Monday, February 19th, 2018

Recipe: kombucha (plain, ginger, huckleberry ginger)

Happy Chinese New Year! The house has been cleaned, dumplings eaten, luck symbol hung upside down on the front door (translates to “luck arrives”), parents called, and red envelopes delivered to young friends. A low-key lunar new year celebration was just right for me, mostly because my February has been dedicated to fermentation. In addition to making delicious breads from my sourdough starter, I am also brewing kombucha!

Kombucha is fermented sweet tea. My motivation for brewing my own kombucha (booch) was more curiosity than anything else. I like the stuff, but drank it infrequently because it can become a spendy habit. Yet, kombucha is ridiculously easy and inexpensive to make.
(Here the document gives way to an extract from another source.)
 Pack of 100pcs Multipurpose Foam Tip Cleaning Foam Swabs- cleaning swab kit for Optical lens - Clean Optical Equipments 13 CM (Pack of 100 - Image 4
The only “exotic” component is the scoby, which stands for Symbiotic Culture of Bacteria and Yeast. Think of it as the equivalent to the mother for making vinegar. You can purchase scobys (try a local homebrew supply store or go online), get one from a friend, or make your own. Once you have a scoby, you’re set (unless you kill it – don’t kill it).

I got my scoby from my buddy, Erin (Canyon Erin), who grew hers from its infancy and split one off for me with some starter tea. I named it Scooby. Scobys are weird, ugly, and a little gross looking – at first. After brewing a few batches, you will come to love your scoby(s) like a pet. It feels rubbery and slippery, and all manner of random things float untidily off of it in the tea. But the scoby is what transforms plain old sweet tea into magical, fizzy, slightly alcoholic (less than 1%), tangy kombucha.


meet scooby, my scoby



Making kombucha is easy. I’m on my fourth batch now. The long instructions look daunting, but that’s only because the instructions are for newbies so they don’t kill their scoby. It basically comes down to: make sweet tea, stir in starter tea, slide the scoby into the tea, cover, ferment, bottle, carbonate, refrigerate. But there are tons of additional notes that go with that list.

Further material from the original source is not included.